Copy nothing but the lines from the one containing "Begin to gently" through the last line of the entries below, exactly as written and without pictures.

□ □ □ □

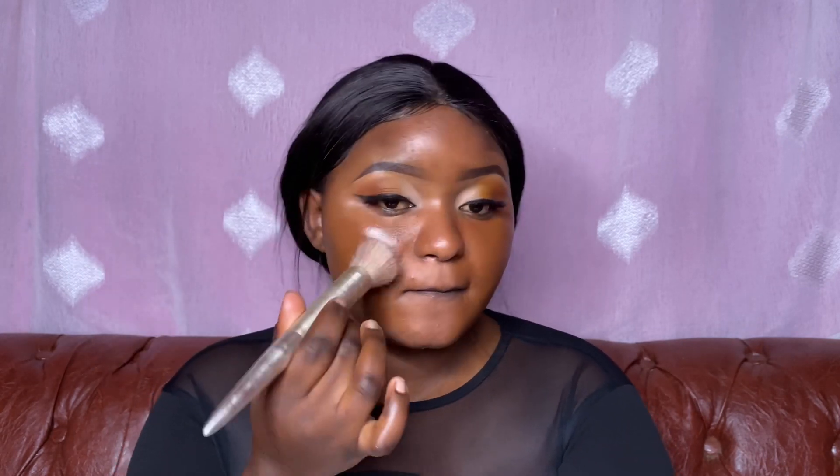I want to see how the coverage will be when using a foundation brush. Tell me in the comments — would you rather use a foundation brush or a beauty blender? So I'm using this foundation brush, and as you can see on this side my texture is very, very visible.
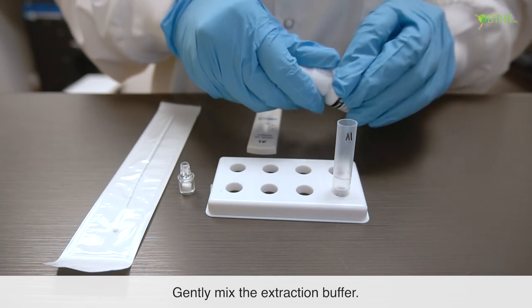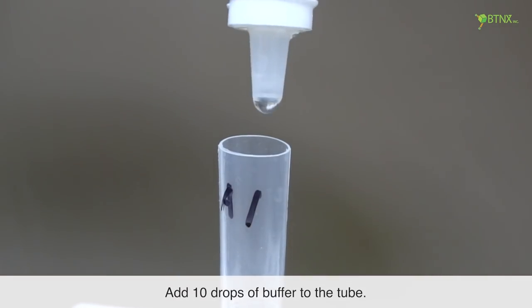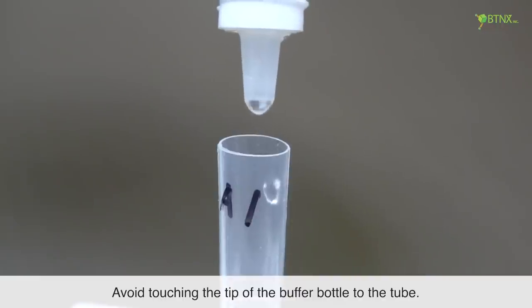Gently mix the extraction buffer. Add 10 drops of buffer to the tube. Avoid touching the tip of the buffer bottle to the tube.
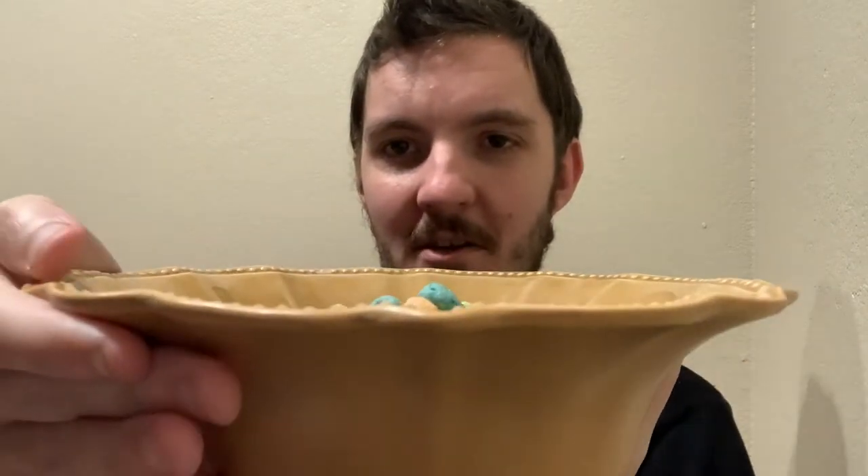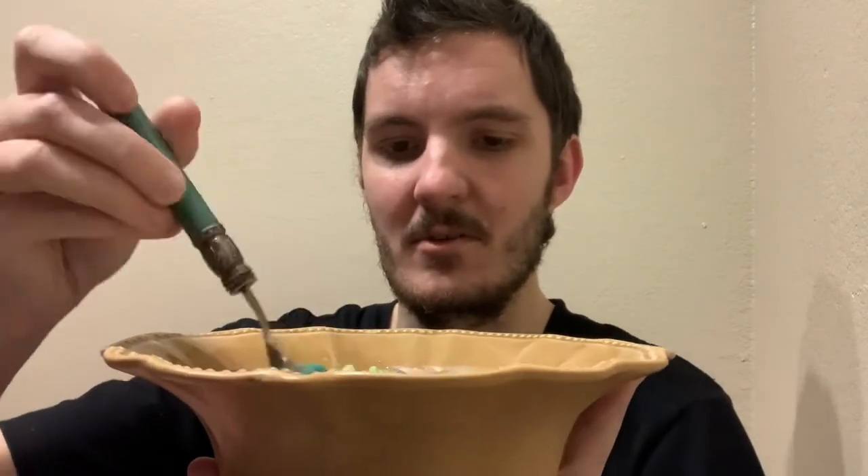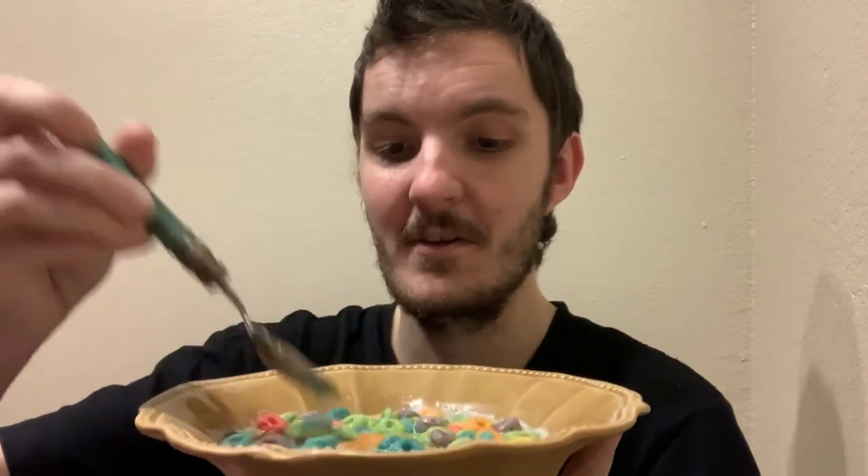I'm going to try them anyway. I've got my milk over here in a bowl, so I'll just pour these in. I'm just using milk, nothing else — not going to add any sugar or anything, because it doesn't really need it. Honestly, I feel like American cereals, compared to at least British and Irish ones, are a lot more unhealthy in terms of ingredients.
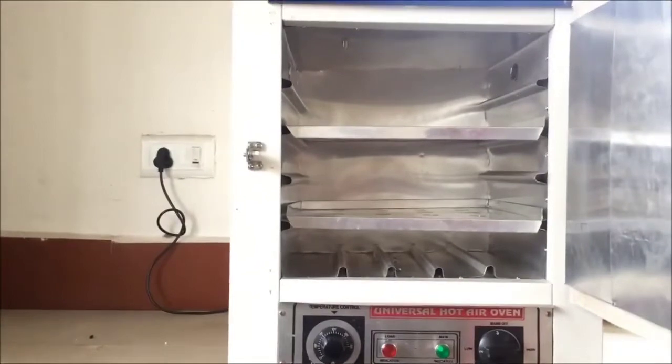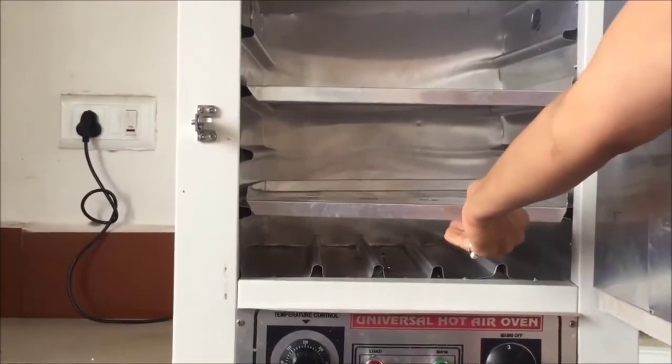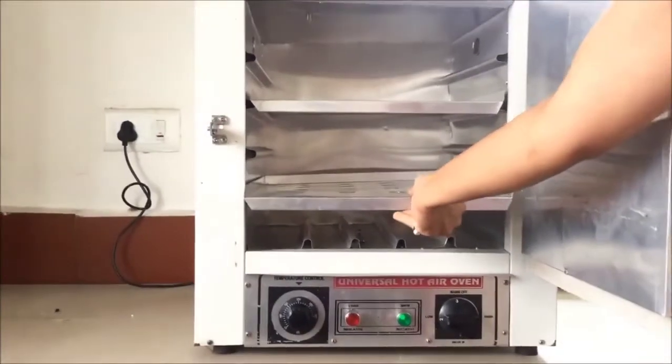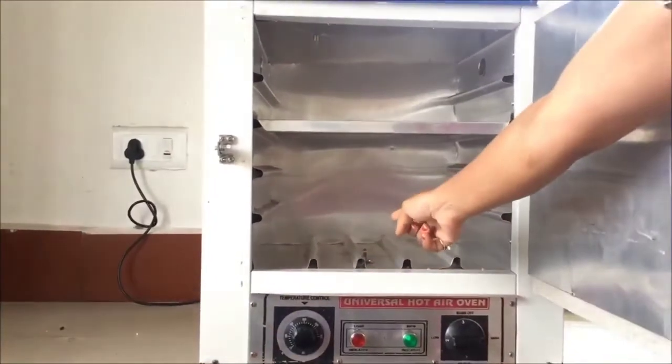Let's see what components are inside the hot air oven. As you can see, there are two racks or trays inside — one on the upper side and one on the lower side. Let's remove them to visualize each part clearly. We are removing the lower tray, which is made of aluminium.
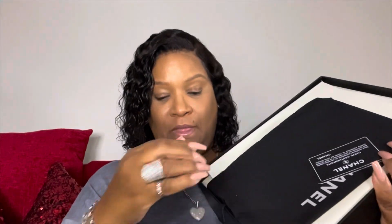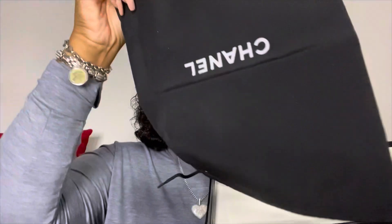Okay, first up, here's the box — these are the dad sandals. Let me show you what comes in the box. You get all of your little authentication cards, this little Chanel card. You get the dust bag so that you can put your sandals in. Let's unbox it — I'm excited!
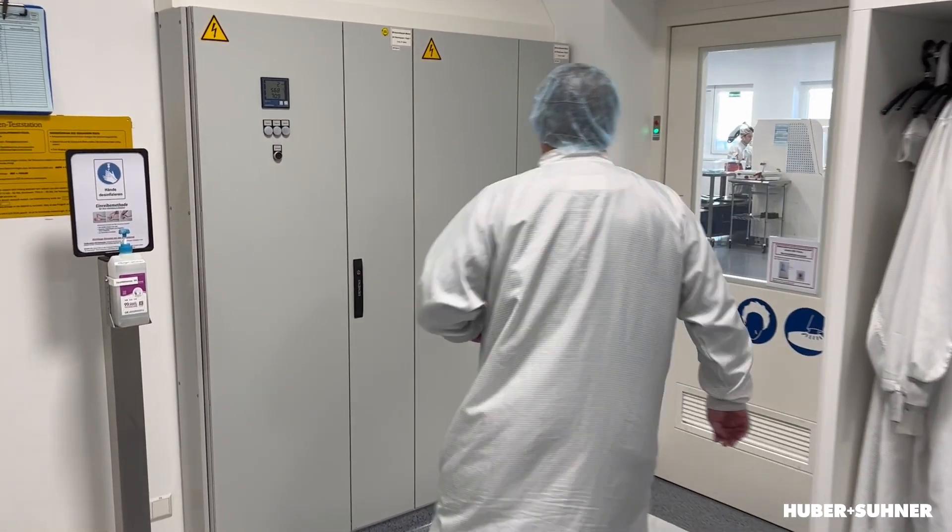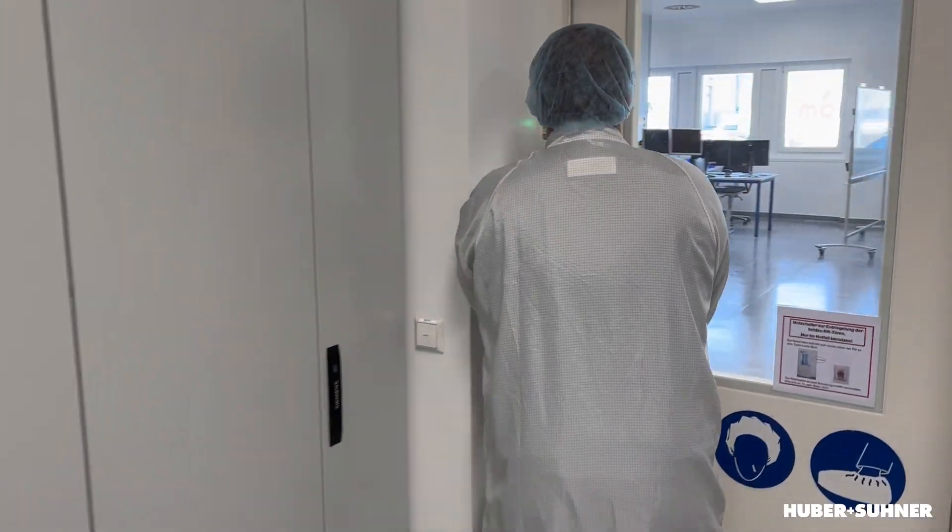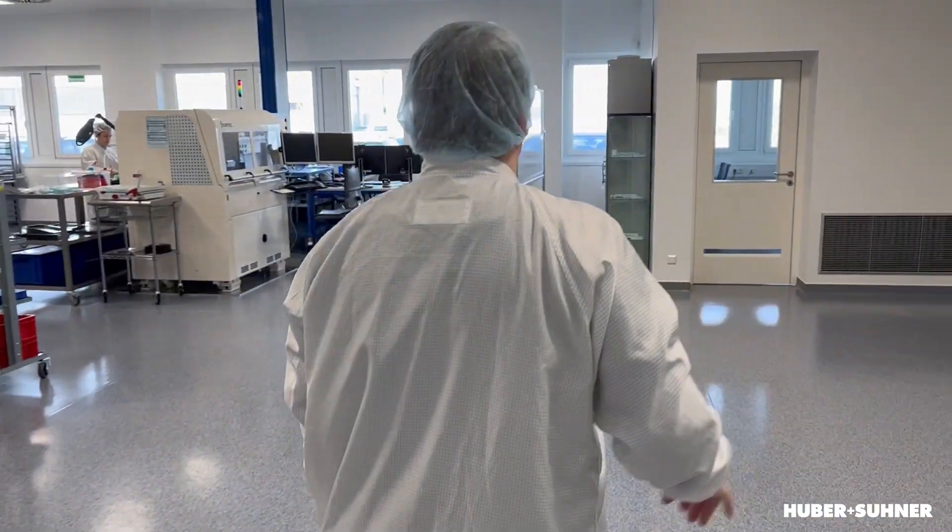Let's enter. That's the way how I enter the clean room. But for the material, there should be an easier way — and indeed, for the material we have a different air lock.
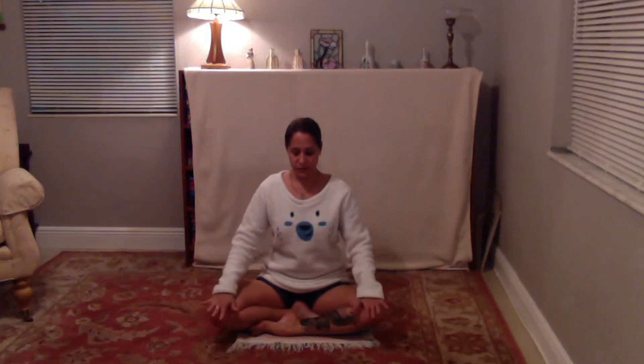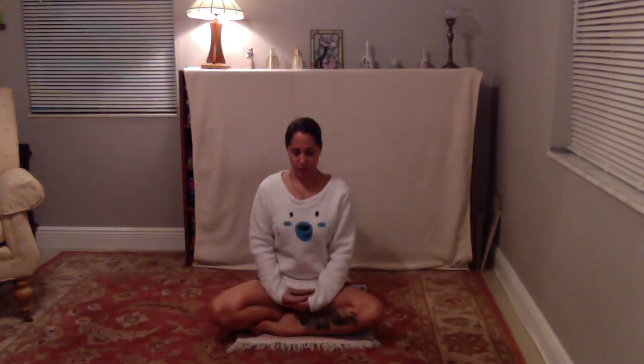Begin to gently close the eyes or keep the gaze softened. There's no right or wrong way to keep the eyes, other than unfocused, to allow that inward movement. Palms can be face down on the knees or face up. You can find a mudra, or you can keep the palms right over left, folded in the left. Finding that place for your hands that can remain still for the next 15 minutes.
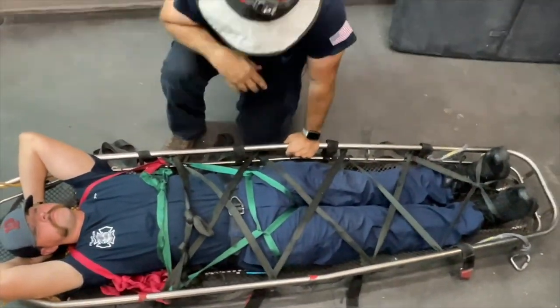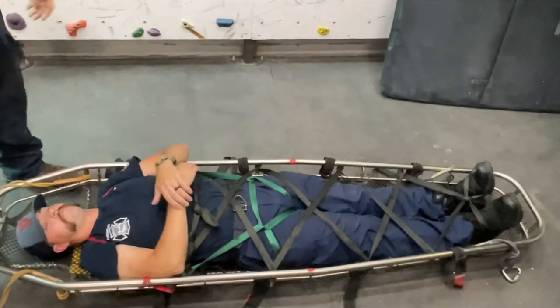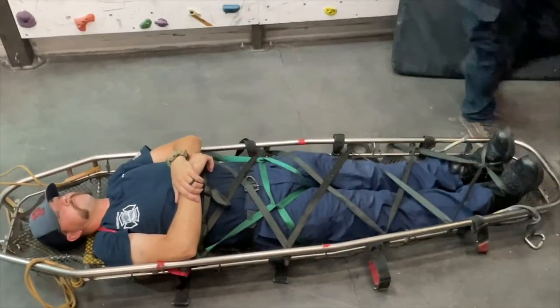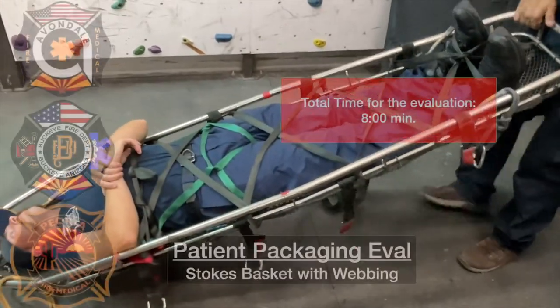The final part of the evaluation will be to lift the head and foot of the basket. If the patient comes in contact with the basket, the evolution is a fail.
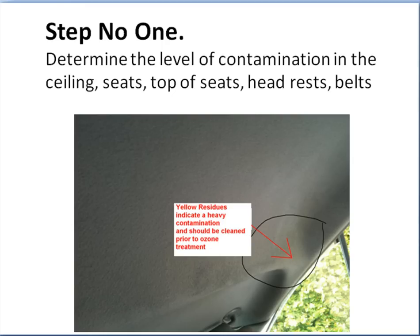Step number one: you need to determine the level of the contamination. In this shot you can't see too well, but in the original you could. You can actually see yellowing in the ceiling — where my cursor is just there is quite yellow, and through this area here is quite yellowing.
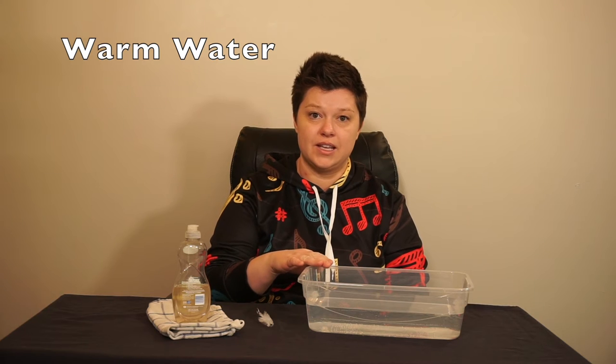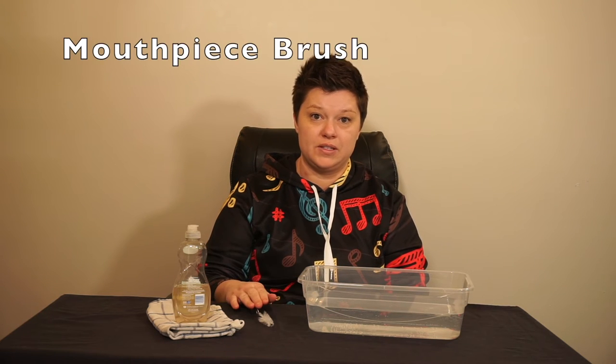Deep cleaning your mouthpiece is a good habit to form at least once a week or after you are sick. It keeps everything sanitary. The supplies you'll need are warm water in a container or the faucet, a mouthpiece brush, dish soap, and a towel.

□ □ □ □

WORKED SOLUTION:
Begin to gently close the eyes or keep the gaze softened. There's no right or wrong way to keep the eyes, other than unfocused, to allow that inward movement. Palms can be face down on the knees or face up. You can find a mudra, or you can keep the palms right over left, folded in the left. Finding that place for your hands that can remain still for the next 15 minutes.
The final part of the evaluation will be to lift the head and foot of the basket. If the patient comes in contact with the basket, the evolution is a fail.
Step number one: you need to determine the level of the contamination. In this shot you can't see too well, but in the original you could. You can actually see yellowing in the ceiling — where my cursor is just there is quite yellow, and through this area here is quite yellowing.
Deep cleaning your mouthpiece is a good habit to form at least once a week or after you are sick. It keeps everything sanitary. The supplies you'll need are warm water in a container or the faucet, a mouthpiece brush, dish soap, and a towel.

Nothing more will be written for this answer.